A Boston police officer pleaded guilty Thursday to sending a fake $790 traffic ticket to a man following a road rage incident that happened in March 2019.
Other officers criticized 37-year-old Christopher Curtis for abusing his power by writing a false ticket and a threatening note to the unnamed driver.
Though he was scheduled to go to trial on Monday, he instead pleaded guilty to six charges including forgery, false report by a public employee, obtaining criminal offender record information under false pretenses, witness intimidation and more, Suffolk District Attorney Kevin R. Hayden said in a statement.
As part of his guilty plea, Curtis will serve one year of probation and will have to pay the victim $525 to make up for the money he spent fighting the phony ticket. The convictions have been reported to the Public Employee Retirement Administration Commission, so his retirement benefits might also be affected, according to Hayden.
Court records obtained by WCVB-TV outlined the 2019 incident. The unnamed man said he was driving on Interstate 93 South when a white Toyota Tundra pickup truck approached the back of his car. He said he did not see what the driver looked like, but noted its front grill was missing.
In the documents, the man then described how the driver of the truck honked at him, merged into the lane to the right of him and veered to the left of him, which almost forced him into the median barrier.
According to WCVB, the man received the $790 traffic ticket with the handwritten note a week later. The note said the officer had watched the driver “go in and out of traffic,” adding he “tried pushing my truck off the road just to get into the left lane.”
“Clocked you going over 90 in a 65. I have a 6 min. video of you driving like an a– hat, and pulled up next to you and took your picture. Try fighting this…I dare you,” the note continued, adding, “Hope it was worth it. See you in court.”
The man appealed the ticket, which had been written using a fake officer identification number, WCVB reported.
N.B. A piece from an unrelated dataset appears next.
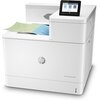 Drukarka HP Color LaserJet Enterprise M856dn Druk w kolorze, Automatyczny druk dwustronny Rodzaj drukarki (Technologia druku) Laserowa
After an investigation found Curtis signed out the book that was used to write the ticket and was the one who ran the man’s plates and owned a white Tundra with a missing front grill, Curtis admitted to writing the ticket, but said it was a “joke for another officer,” according to the court documents.
Hayden said in a statement that when officers like Curtis abuse their authority, they must be held accountable to maintain the community’s belief in them.
“The public puts their trust in members of law enforcement with the expectation that they will use the power and authority of their position for the protection and betterment of the communities they are sworn to serve,” he said.
The Boston Police Department did not immediately respond to Newsweek’s request for comment.